CP : Comment ce projet évolue au cours du temps ? Quelles suites comptez-vous lui donner ou quels prolongement dans votre activité ?

EB :Nous avons changé certaines choses entre la première et la seconde session : les séances ont été rallongées d’une demi-heure. Nous avons fait un nouveau carnet de bord avec moins de texte et plus de pictogrammes et d’émo-icones pour encourager les élèves à garder leur propre trace de cette expérience tout en sortant du cadre de la prise de notes.

Nous nous demandons aujourd’hui jusqu’au nous pouvons creuser sur trois aspects :

1/ L’implication des élèves dans la vie de l’établissement pourrait être approfondie si on pouvait leur donner la possibilité de plus s’investir sur la préparation des repas qu’ils ont conçus mais nous nous heurtons au règlement très strict d’hygiène de la restauration collective.

2/ Le lien entre santé et comportements alimentaires des élèves est une autre dimension à approfondir mais en trouvant les bonnes limites.
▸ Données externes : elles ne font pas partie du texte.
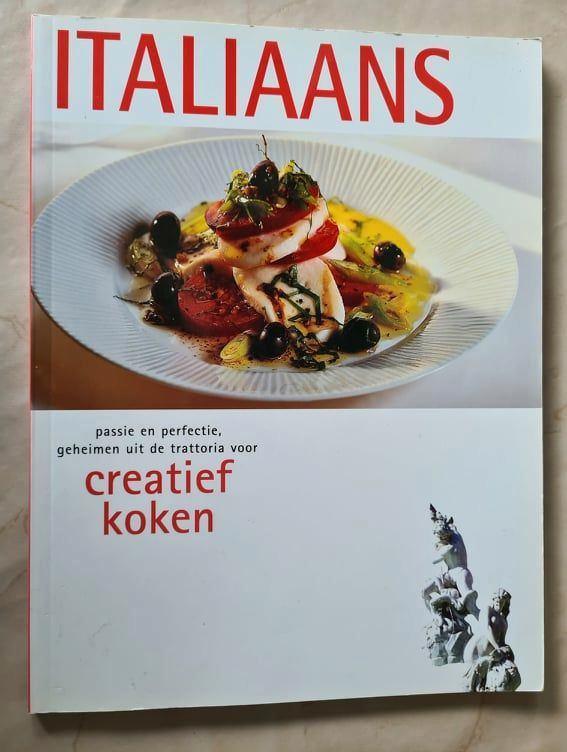 Russisch -Zuid-Amerikaans - Vietnamees - Italiaans Creatief, Boeken, Kookboeken, Zo goed als nieuw, Voorgerechten en Soepen, Hoofdgerechten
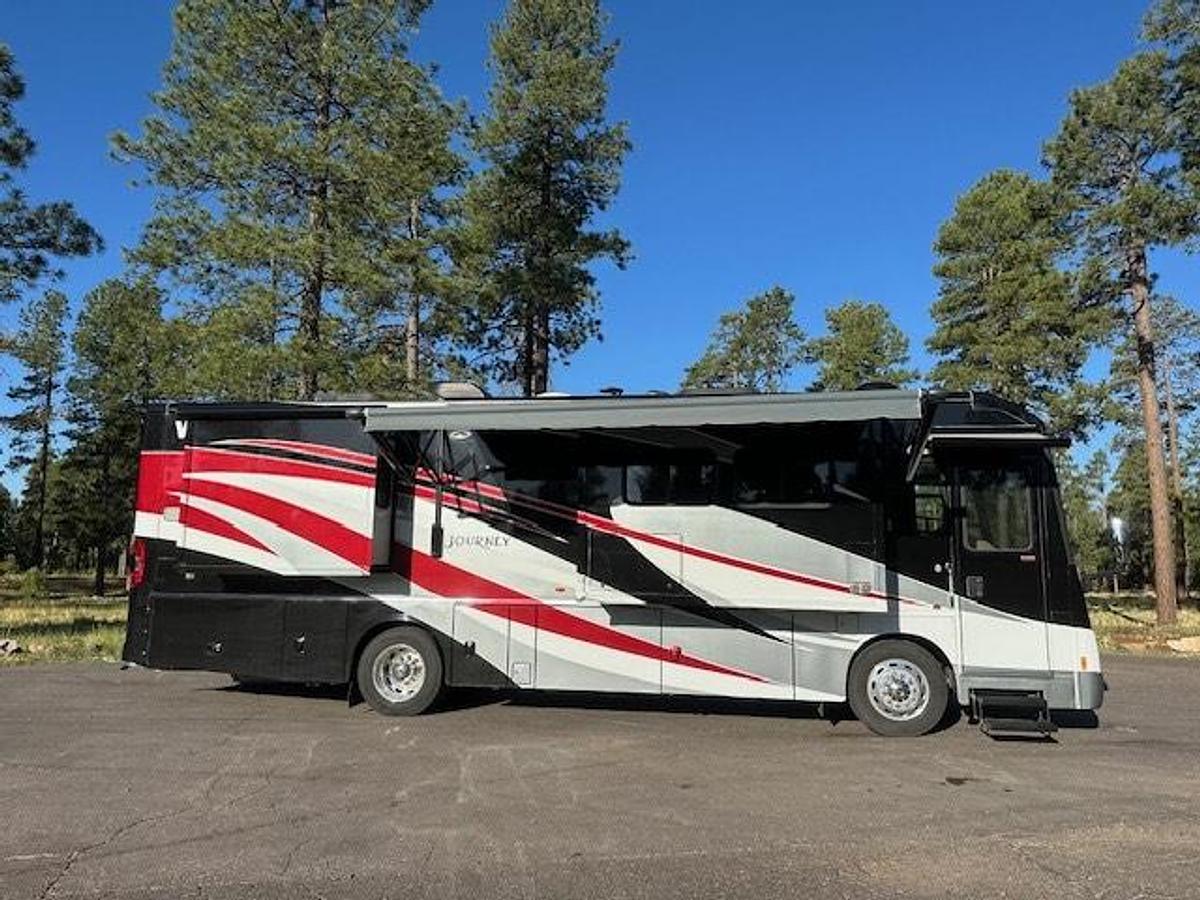 Used 2014 Winnebago Journey 34B Class A Motorhome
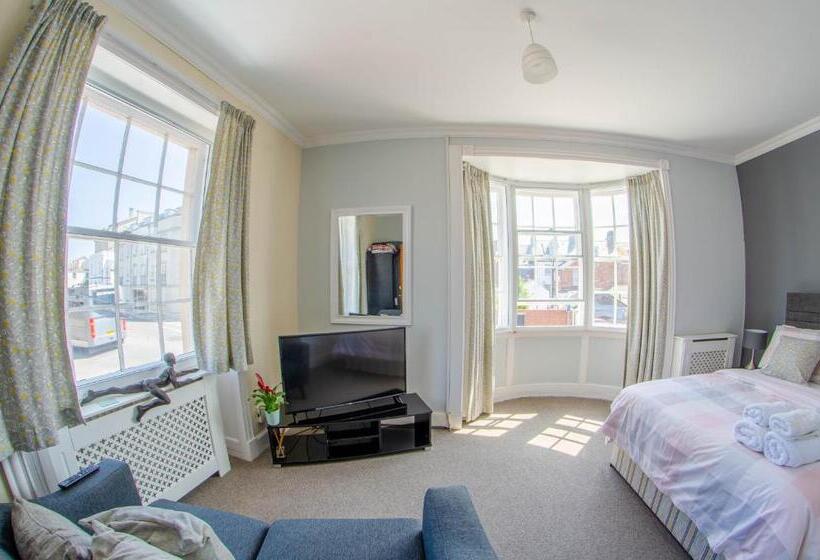 デラックスルーム, Olivers Guest House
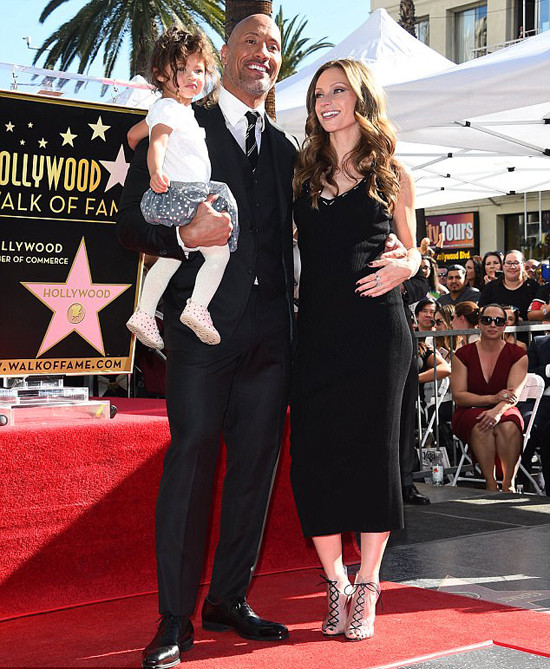 Tình cảm tài tử phim "Fast and Furious" dành cho vợ con thể hiện qua từng cử chỉ nhỏ nhất như cái siết eo.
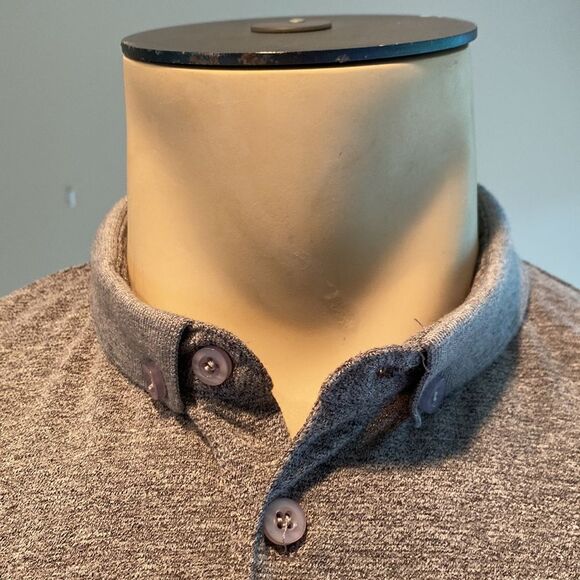 Mufiasiti Extra Large. Grey polo. Plastic logo on upper-chest. Cotton/spandex. - Picture 3 of 7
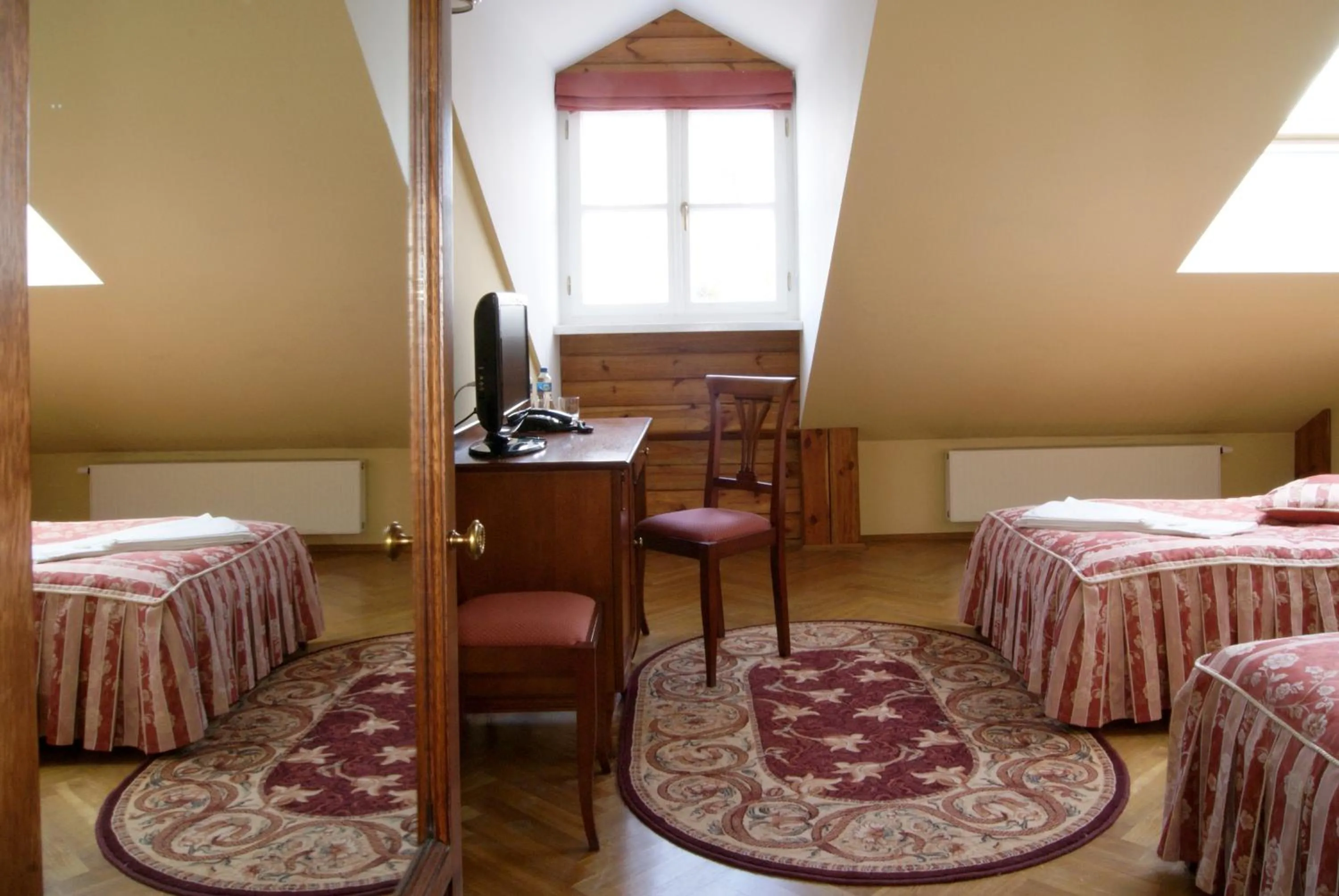 Bed in Pałac Łochów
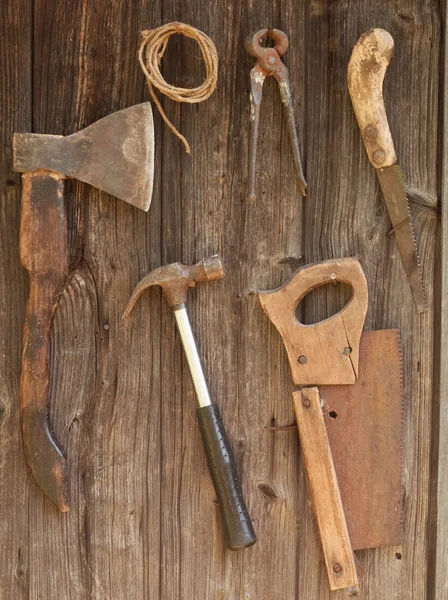 Старинные ржавые инструменты — стоковое фото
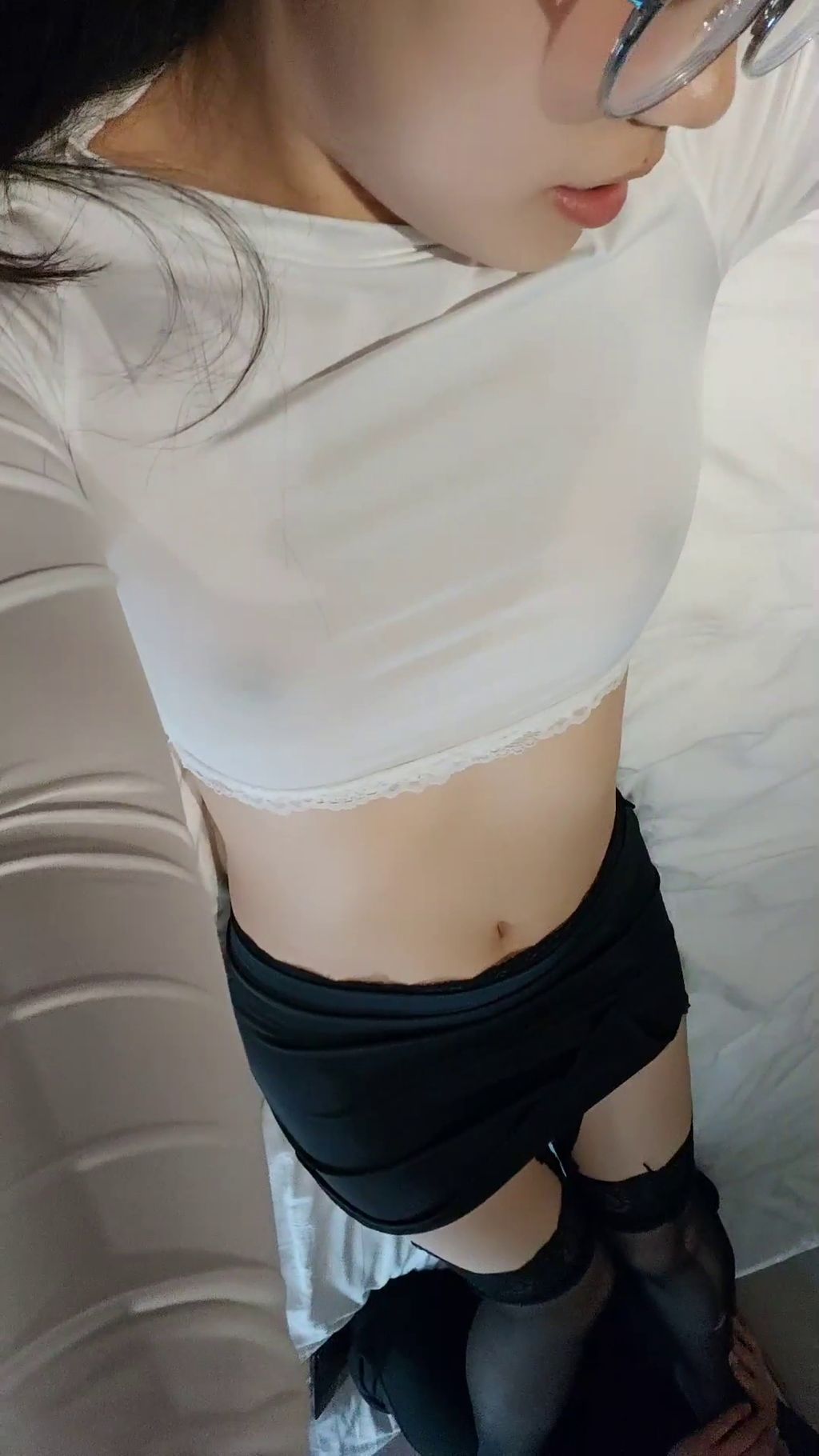 雯雯茜茜： 欲女双学妹 剧情演绎 勾引技师 外卖小哥 #02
Nous sommes parfois tenté d’écouter plus les conseils diététiques que les résultats des questionnaires qui plébiscitent Kebab, Hamburger et frites. Nous tâtonnons vers un juste milieu.

3/ Créer encore plus de transversalité en faisant vivre le projet au delà de l’IDD, les résultats du questionnaire peuvent servir à l’ensemble des enseignants en math à élaborer des exercices pour leurs élèves. Nous aimerions travailler ça avec eux.

CP : un petit mot de votre motivation à proposer ce projet au forum ?

EB : Avant tout c'est l'opportunité de solliciter des regards extérieurs sur le projet et j'espère de l'enrichir au fil des rencontres. Voir ce qui se fait ailleurs, parfois pas très loin. J'ai hâte de rencontrer les autres nantais. La plupart des "communautés " sont aujourd'hui de matérialisées et se construisent sur les réseaux sociaux. Le forum c'est aussi l'opportunité de partager des intérêts " en chair et en os ".